Drawing from her years in the Southwest and on the Navajo Nation, Jan Payne writes using themes of courage, regret, hope, and restoration in a world of kinships within differing cultures. Through her characters' lives-Marin Sinclair, end-of-life doula; Sergeant Justin Blue Eyes of the Navajo Nation Police; Cullen MacPherson, Nuclear Regulatory Commission agent; Garret Washburn, teenaged ward; and Lewis George, spirit-guide-she explores cultural backgrounds and how friendships forged in crisis have the power to shape our lives. Jan Payne lived on the Dineh (Navajo) reservation on the New Mexico side of the Lukachukai mountain range, where she climbed the mesas, took horseback camping trips, explored mountain ghost towns, and worked with her dad training horses. Her most memorable summer jobs include working with pack-mule trains at a dude ranch and a brief stint as camp cook in a uranium mining camp. A graduate of Shiprock High School in Shiprock, New Mexico, she also holds university and medical degrees, as well as a graduate degree in Christian Studies from Regent College in Vancouver, British Columbia.
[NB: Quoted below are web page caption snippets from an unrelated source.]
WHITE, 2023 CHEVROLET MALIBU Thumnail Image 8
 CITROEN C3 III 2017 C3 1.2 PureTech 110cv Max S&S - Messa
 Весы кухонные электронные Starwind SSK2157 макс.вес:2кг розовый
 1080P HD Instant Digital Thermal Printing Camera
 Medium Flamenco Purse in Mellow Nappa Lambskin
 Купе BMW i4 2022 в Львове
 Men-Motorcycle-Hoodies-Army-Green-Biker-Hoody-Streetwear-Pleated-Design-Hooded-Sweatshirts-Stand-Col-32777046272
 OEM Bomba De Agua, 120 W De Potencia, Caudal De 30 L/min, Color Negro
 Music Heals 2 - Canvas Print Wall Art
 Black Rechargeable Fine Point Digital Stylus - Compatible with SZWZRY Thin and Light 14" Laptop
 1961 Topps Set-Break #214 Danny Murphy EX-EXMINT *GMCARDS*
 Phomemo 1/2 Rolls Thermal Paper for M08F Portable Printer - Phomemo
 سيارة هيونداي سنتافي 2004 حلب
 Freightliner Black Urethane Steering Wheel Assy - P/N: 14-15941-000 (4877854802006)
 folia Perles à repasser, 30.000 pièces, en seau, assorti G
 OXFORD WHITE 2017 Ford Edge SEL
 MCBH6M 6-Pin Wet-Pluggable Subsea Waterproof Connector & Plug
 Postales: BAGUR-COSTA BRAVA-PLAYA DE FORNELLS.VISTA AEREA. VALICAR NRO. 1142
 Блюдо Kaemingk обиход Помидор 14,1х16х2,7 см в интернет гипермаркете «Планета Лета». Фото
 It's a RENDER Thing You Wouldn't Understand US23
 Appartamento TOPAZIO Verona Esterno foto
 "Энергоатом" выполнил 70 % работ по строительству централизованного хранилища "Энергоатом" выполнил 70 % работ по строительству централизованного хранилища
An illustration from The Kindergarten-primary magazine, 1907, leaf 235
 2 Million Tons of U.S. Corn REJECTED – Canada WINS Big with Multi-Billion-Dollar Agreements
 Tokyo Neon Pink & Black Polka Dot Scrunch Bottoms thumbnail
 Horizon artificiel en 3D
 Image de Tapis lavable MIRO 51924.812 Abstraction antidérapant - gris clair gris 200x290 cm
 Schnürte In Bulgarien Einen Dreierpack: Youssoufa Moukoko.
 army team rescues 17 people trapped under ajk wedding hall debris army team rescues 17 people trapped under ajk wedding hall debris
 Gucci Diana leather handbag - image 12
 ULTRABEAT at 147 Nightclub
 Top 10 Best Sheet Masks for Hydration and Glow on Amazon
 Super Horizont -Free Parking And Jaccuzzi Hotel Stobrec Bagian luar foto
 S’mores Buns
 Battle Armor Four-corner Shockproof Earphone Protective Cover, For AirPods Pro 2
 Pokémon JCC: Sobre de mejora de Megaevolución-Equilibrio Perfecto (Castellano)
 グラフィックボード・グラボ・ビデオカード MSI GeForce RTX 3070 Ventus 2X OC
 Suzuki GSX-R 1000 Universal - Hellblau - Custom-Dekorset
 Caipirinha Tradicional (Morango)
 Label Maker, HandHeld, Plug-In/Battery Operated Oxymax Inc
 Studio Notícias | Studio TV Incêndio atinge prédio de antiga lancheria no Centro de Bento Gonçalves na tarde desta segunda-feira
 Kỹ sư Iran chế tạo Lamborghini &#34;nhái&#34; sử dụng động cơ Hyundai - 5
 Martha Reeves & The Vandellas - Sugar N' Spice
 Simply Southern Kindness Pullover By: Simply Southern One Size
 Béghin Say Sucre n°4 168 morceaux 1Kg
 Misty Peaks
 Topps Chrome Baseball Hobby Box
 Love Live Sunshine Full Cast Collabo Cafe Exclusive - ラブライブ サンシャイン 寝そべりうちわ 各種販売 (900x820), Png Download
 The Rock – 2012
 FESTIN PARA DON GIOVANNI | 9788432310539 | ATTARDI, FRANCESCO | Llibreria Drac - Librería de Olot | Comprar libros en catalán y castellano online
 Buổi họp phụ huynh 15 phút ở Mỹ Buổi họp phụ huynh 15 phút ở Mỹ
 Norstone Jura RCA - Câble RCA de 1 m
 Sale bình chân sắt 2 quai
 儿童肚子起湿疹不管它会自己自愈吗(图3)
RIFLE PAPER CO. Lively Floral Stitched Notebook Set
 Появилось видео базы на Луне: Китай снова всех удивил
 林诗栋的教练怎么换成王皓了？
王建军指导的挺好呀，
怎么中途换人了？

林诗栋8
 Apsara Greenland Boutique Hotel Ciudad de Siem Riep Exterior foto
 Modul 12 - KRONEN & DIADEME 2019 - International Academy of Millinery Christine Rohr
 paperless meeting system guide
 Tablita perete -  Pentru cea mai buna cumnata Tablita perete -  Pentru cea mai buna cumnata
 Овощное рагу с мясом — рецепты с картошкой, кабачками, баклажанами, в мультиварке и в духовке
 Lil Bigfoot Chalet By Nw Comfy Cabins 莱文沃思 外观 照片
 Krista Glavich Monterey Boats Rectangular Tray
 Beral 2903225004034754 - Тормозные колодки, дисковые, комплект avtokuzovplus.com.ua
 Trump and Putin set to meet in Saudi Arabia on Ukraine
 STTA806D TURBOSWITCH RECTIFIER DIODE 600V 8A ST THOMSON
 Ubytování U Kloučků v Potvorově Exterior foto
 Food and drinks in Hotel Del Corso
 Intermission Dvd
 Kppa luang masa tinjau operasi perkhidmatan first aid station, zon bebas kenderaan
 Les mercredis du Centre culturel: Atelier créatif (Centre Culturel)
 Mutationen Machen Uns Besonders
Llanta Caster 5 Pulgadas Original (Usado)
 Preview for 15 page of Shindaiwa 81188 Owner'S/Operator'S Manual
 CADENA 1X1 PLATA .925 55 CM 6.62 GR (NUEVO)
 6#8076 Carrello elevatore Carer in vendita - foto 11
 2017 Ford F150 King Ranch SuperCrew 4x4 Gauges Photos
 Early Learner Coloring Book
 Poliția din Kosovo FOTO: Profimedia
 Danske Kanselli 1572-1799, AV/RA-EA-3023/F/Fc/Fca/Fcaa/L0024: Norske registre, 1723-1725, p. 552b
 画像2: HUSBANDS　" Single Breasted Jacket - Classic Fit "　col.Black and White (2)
She attributes an early interest in writing to a wealth of family stories, including that of a great-great aunt taken captive by Comanche/Kiowa raiders in 1870's Texas. Jan Payne is a member of Western Writers of America and Women Writing the West and she and her husband, Jon, live in the Leech Lake area of northern Minnesota with their three big dogs-Kaibab, Rudi, and Orrin. Visit her website at: jandpayne.com

CHAPTER ONE
The eagle’s cries and Marin’s screams faded, and she opened her eyes to morning sunlight and the breeze moving the bedroom curtains. She listened for the sound of Mark’s breathing, but this was her own bedroom and not the armchair at Mark’s bedside—and she would never hear his breathing again.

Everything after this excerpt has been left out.